■ Problem details
Only the pictures are to be dropped, and the rest of the data should be copied exactly.

■ Available data
-*-

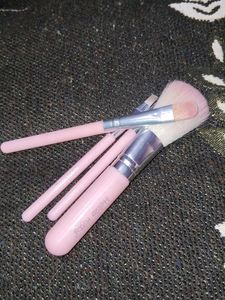 Pack Of 4 Eye Shadow Brushes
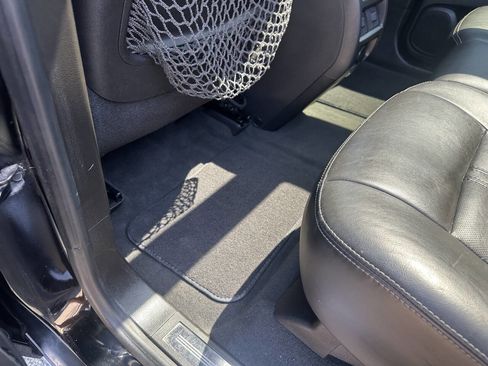 Used 2014 Cadillac SRX Luxury w/ Driver Awareness Package FWD image 25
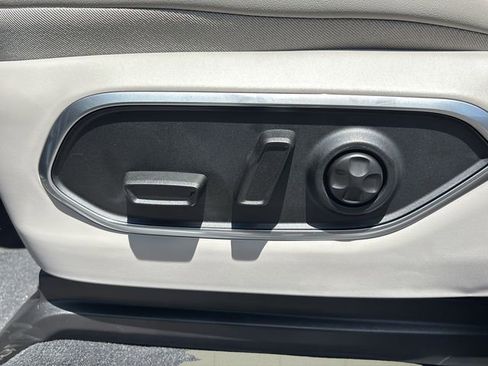 New 2026 Jeep Grand Wagoneer L Limited AWD/4WD image 12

-*-

■ Result of the exercise
 Pack Of 4 Eye Shadow Brushes
 Used 2014 Cadillac SRX Luxury w/ Driver Awareness Package FWD image 25
 New 2026 Jeep Grand Wagoneer L Limited AWD/4WD image 12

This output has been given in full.